*GIVEN INFORMATION*
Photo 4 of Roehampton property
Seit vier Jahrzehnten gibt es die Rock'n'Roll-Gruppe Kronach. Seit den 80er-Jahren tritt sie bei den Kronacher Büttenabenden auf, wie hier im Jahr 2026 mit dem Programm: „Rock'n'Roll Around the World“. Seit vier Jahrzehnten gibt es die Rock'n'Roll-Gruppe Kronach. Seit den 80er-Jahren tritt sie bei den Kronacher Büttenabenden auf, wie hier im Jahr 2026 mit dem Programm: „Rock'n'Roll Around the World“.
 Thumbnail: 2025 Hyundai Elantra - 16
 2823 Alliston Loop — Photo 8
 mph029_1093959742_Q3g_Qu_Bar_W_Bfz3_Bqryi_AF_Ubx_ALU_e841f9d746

*TASK TO CARRY OUT*
Every line of the records above where the string "Photo" is found should be copied.

*RESPONSE*
Photo 4 of Roehampton property
 2823 Alliston Loop — Photo 8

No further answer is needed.